Tropical Storm Nicholas is expected to make landfall along the Texas Gulf coast late Monday, bringing the threat of significant flash flooding to parts of the state.
While a tropical cyclone affecting Texas is certainly not uncommon, it is rare for the storm to start with the letter "N."
According to NOAA's Historical Hurricane Tracks database, 192 tropical cyclones – including tropical depressions, tropical storms and hurricanes – have either moved through or passed within 60 nautical miles of the Lone Star State in records dating to 1851.
Of those 192 storms, only one had a name that started with "N": Naomi in September 1968.

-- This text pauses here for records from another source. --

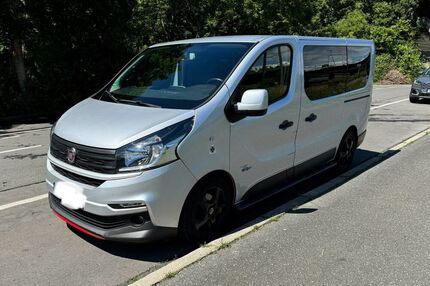 Fiat Talento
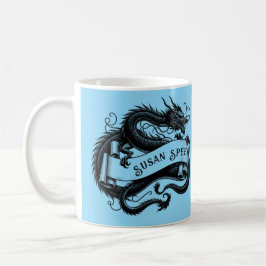 Taza De Café Mug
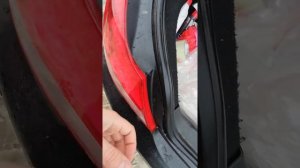 как снять фару инсигниа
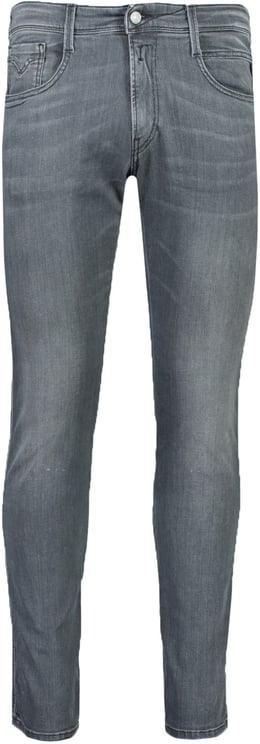 Replay Jeans Grijs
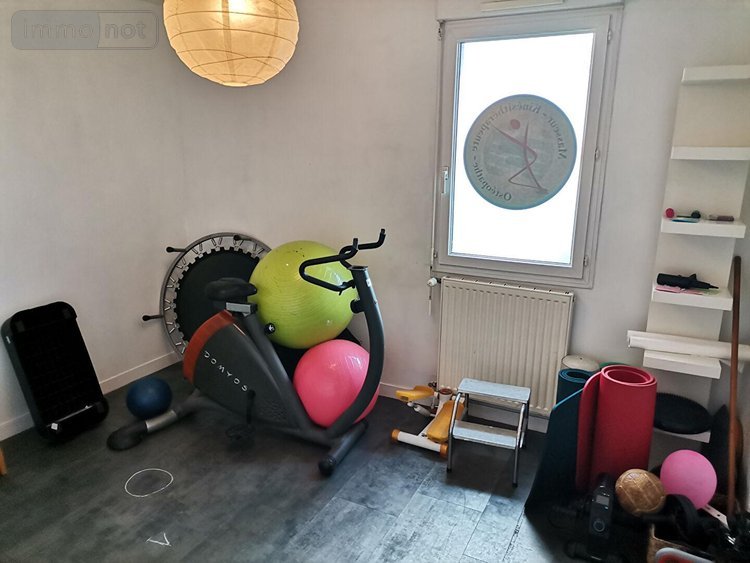 Appartement a vendre Rennes 35000 Ille-et-Vilaine 76 m2 4 pièces 269336 euros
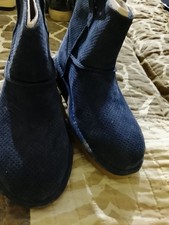 Ugg n 38 nuovi originali colore blu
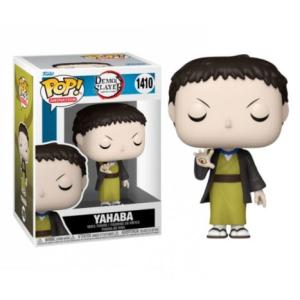 FUNKO POP Yahaba 1410 - Demon Slayer - 889698726146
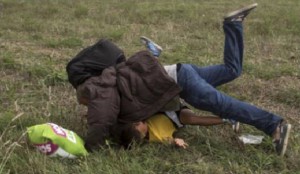 Dünyanı ayağa qaldıran hadisənin səbəbkarına bəraət verildi – VİDEO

Naomi developed in the Eastern Pacific Ocean and peaked as a Category 1 hurricane before moving across northern Mexico, where it weakened to a tropical storm and eventually a tropical depression as it neared the Texas border.
The storm lost its tropical characteristics before crossing into Texas, but the remnants of Naomi teamed up with a frontal system and led to prolonged rains over the state.
Corpus Christi was particularly hard hit, as more than 8 inches of rain was reported from the combination of Naomi's remnants and the frontal system.
Since Naomi came from the Eastern Pacific, that means Nicholas will be the first Atlantic "N" storm to affect Texas.
The biggest threat from Nicholas, by far, is flash flooding.
The National Hurricane Center is warning of widespread rainfall totals of up to 10 inches across parts of southeastern Texas, especially in the Houston area. Some places could receive as much as 15 inches of rain.